Lately I've begun thinking in terms of a payoff from educational assignments or work. To trace the history of this thought, Ms. Thunberg assigned as homework a page which requires the student to write a list of twenty "things that are sold in pairs." It occurred to me that if the child's words were used in a sort of Mad Libs fashion, there would be an emotional payoff at the end of the assignment. That is, the sentences would be read using the child's words as fill-ins, with incongruous and occasionally amusing results, in a fashion that I first became aware of probably in the '60s through little booklets called Mad Libs. So the task, instead of having the minimal payoff of just getting the job done or getting approval from the teacher, has an additional or greater payoff of an amusing product that the child can feel he participated in creating. Surely this concept of educational or emotional payoff can be extended to other tasks which occurs all too seldom in homework and other assignments.

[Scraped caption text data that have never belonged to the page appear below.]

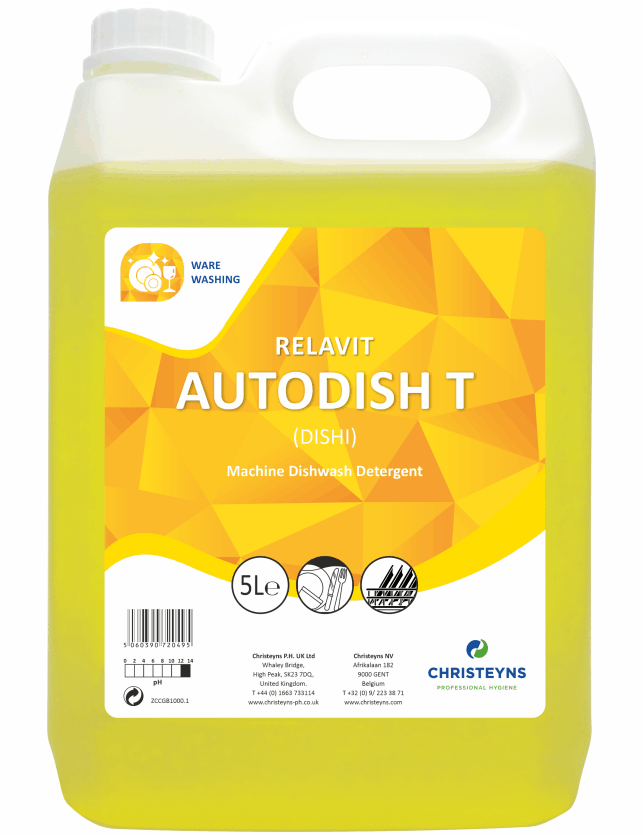 Thumbnail: RELAVIT Autodish Dishwasher Detergent 5ltr x2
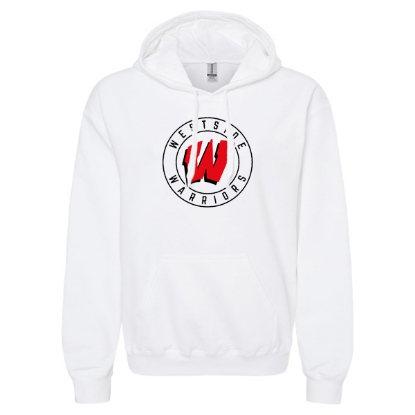 Picture of Westside Midweight Hooded Sweatshirt (Westside-004)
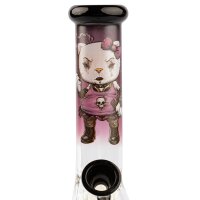 Grace Glass Bong à glace Chat en colère de 27 cm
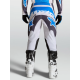 Completo motocross Alpinestars FLUID DRAG 2027 grigio bianco e blu chiaro enduro Quad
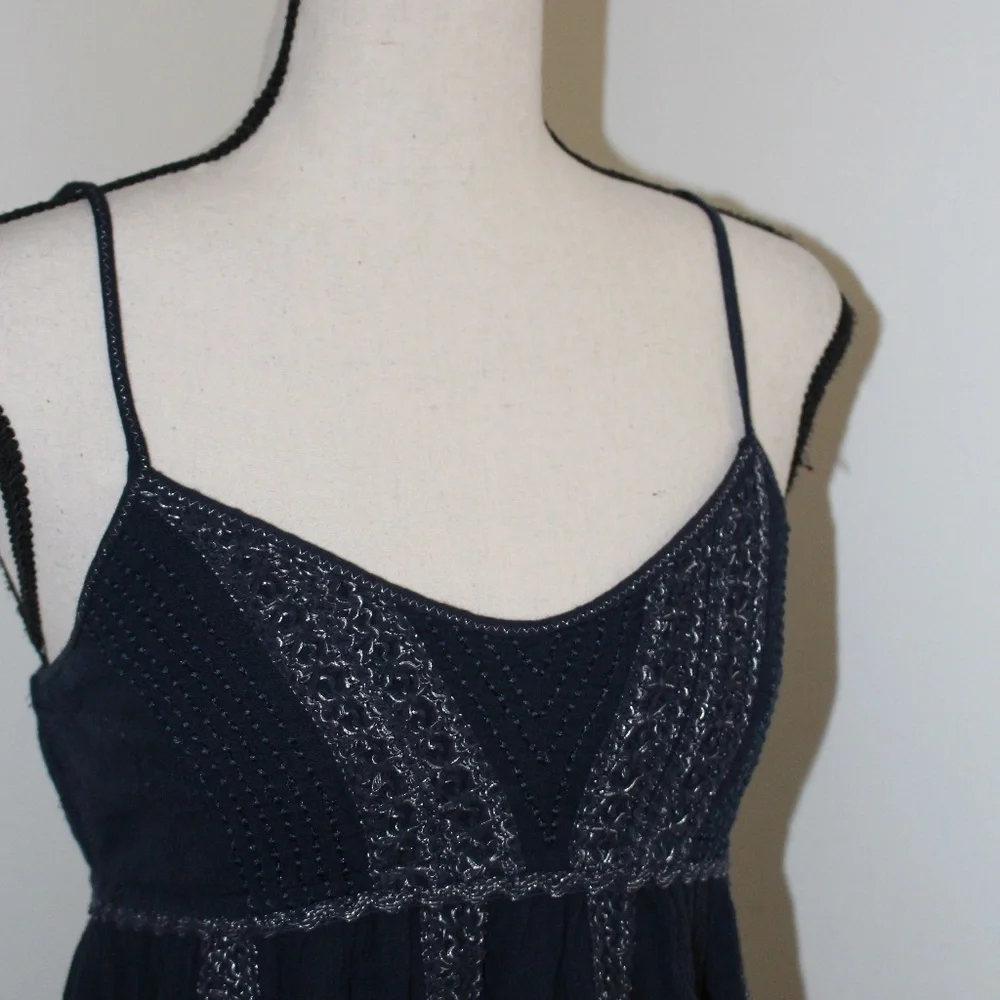 LAST CHANCE American Eagle Outfitters, baby doll spaghetti string top ..... - Picture 2 of 7
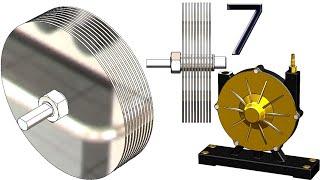 7-Project 51| Tesla Turbine 2 (Turbo Pump) |SolidWorks Tutorial: rotor sub-Assembly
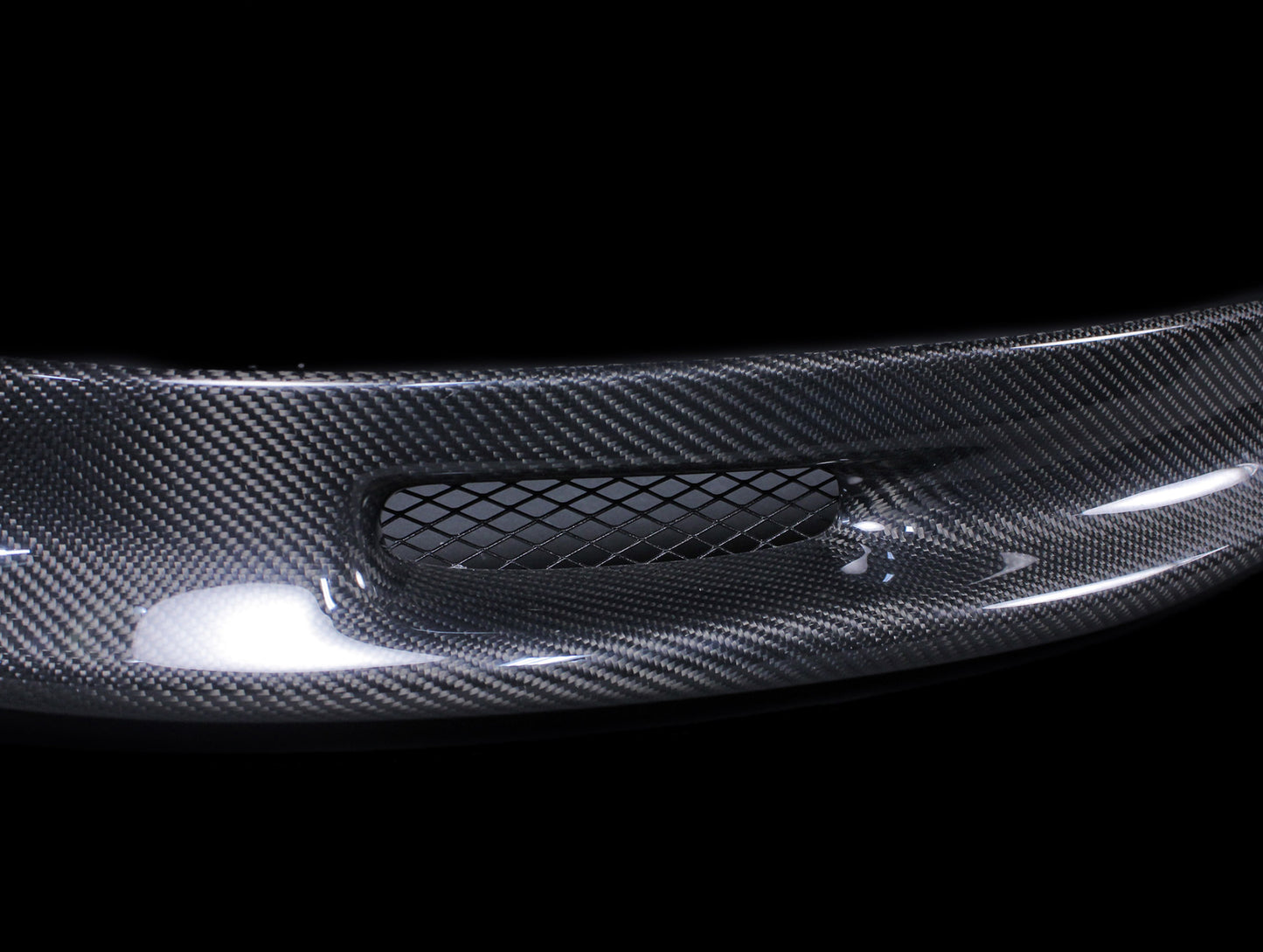 Seibon SP Style Carbon Fiber Front Lip - Honda / Acura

I think even more important is the practice of giving the students some choice or control over the kind of work they're doing. The assignment to write a list of twenty "things that are sold in pairs" I thought was a particularly uninteresting assignment and the main purpose seemed to be to provide exercise in writing, that is, penmanship. I gave Oliver the choice of instead writing a letter to his Aunt Debby, which he previously had expressed a desire to do. He took to this immediately and worked on this letter without further prompting on my part. It was something he wanted to do, and wanted to do well, as opposed to this other task which undoubtedly seemed to him meaningless and unrelated to his own life. This, in microcosm, is what's wrong with too much of school work--it's completely dissociated from the child's personal life and interests, and also it's imposed on him by the authority of the teacher without any choice being exercised by the student.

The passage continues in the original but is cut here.